Итак, есть тут старичок Лука (M. М. Тарханов), образ чисто народный, дед, приземистый, как грибок, простой и по-детски говорливый спаситель, неподражаемый в своей старческой непринужденности и чуть насмешливом смирении, божий посланник, почесывающий спину, сама естественность, сама крестьянская смекалка, сама услужливость и доброта. Все эти босяки, пьяницы, проститутки безотчетно черпают силы у этого солнечного народного деда-всеведа, который пришел, чтобы отделить в их жизни свет от тьмы. Тут есть и актер-алкоголик (Н. Г. Александров[286]

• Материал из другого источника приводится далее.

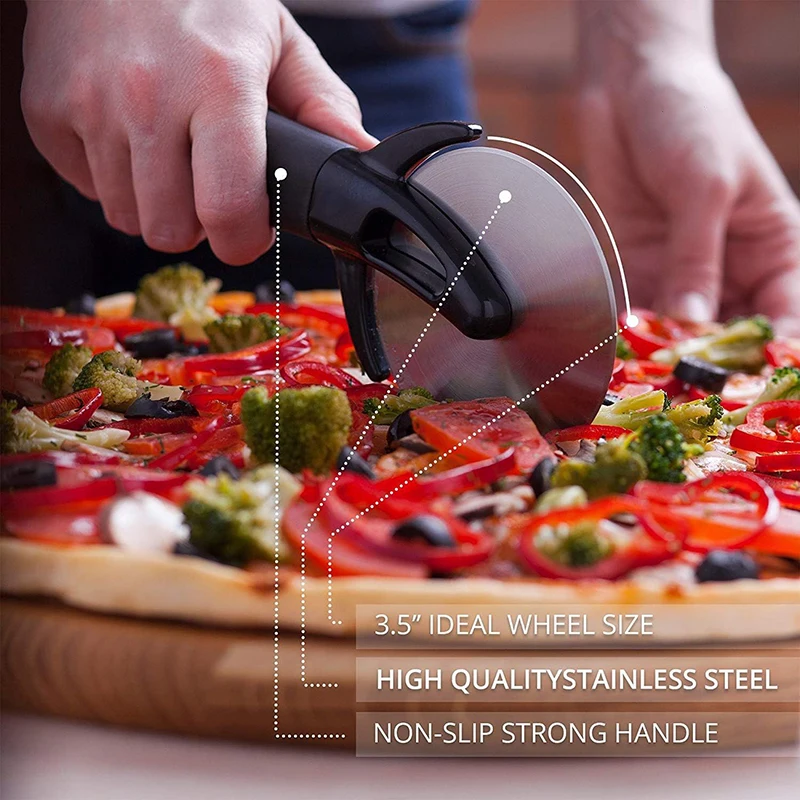 Taglierina per pizza in acciaio inossidabile con coperchio Utensile multiuso per affettare la pasta per torte e pizza Taglierina a rullo per pasticceria Coltello per pizza professionale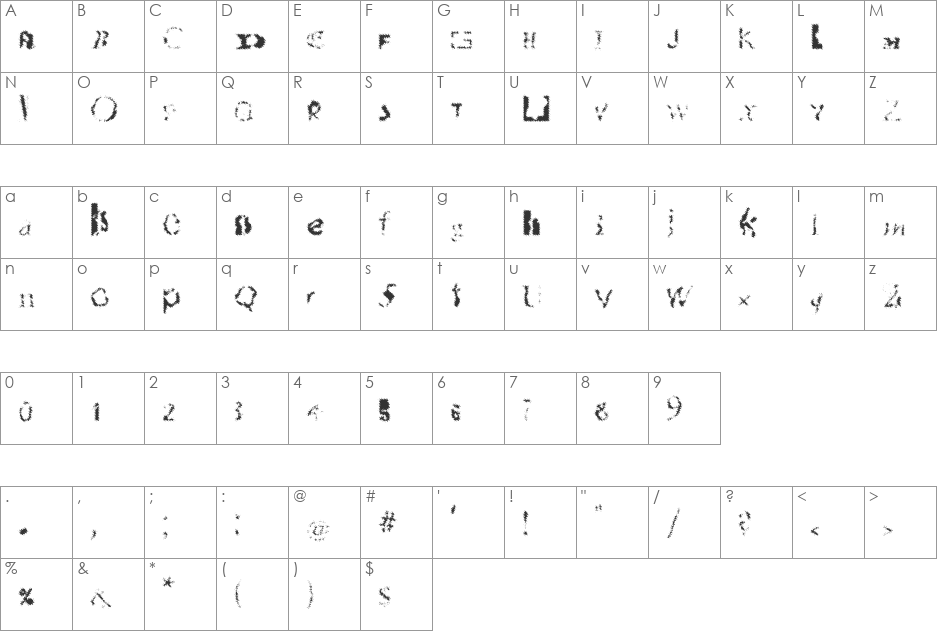 Thundershower font character map preview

), совершенно опустившийся, страшный в каждом своем движении, когда он, оцепенело застыв на печи, уже совершает путь смерти. Есть Барон в исполнении В. И. Качалова, вероятно, самого блестящего из москвичей, — оборванец с жестами джентльмена, мягкий, легкомысленный и безответственный в каждом малейшем, чуть приметном движении своих пританцовывающих ног. Есть и Сатин (Н. О. Массалитинов[287]) — широкая и ленивая натура, есть татарский «князь» (Астаров[288]) с резкими движениями полудикаря, и кряжистый Бубнов (Шаров[289]), и отвратительный Костылев (П. А. Павлов[290]), гнусавый, похожий на откормленного таракана, и бешеный, вспыльчивый Клещ (Берсенев), есть и другие. Из них особенно запоминается вор Васька Пепел (П. А. Бакшеев[291]), удалец, сорвиголова, который вместе с Василисой (В. М. Греч[292]) продемонстрировал одну из вершин актерского мастерства москвичей в сцене, где Василиса со скрещенными на груди руками самым обыденным спокойным голосом уговаривает Пепла убить ее мужа. Еще тут есть расхлябанная, неряшливая проститутка Настя (О. Л. Книппер-Чехова), опоганенная вплоть до кончиков своих жалких, выражающих какую-то постоянную брезгливость пальцев; растерянный, тупой жест, которым она дотрагивается до лба, раздирает сердце. И еще базарная торговка Квашня (Е. Ф. Скульская[293]) — шумная, веселая тетка, такая удивительно народная в своем визгливом хохоте… Теперь я уже вижу, что называю всех подряд и при этом пропускаю почти все, что можно было бы сказать о каждом. Очевидно, одно из таинств игры москвичей — бесконечный труд и дисциплинированность, стирающие малейшие следы нарочитости. Но второе их таинство — это, без сомнения, то, что они создают искусство полнокровно национальное, играют свою собственную Россию.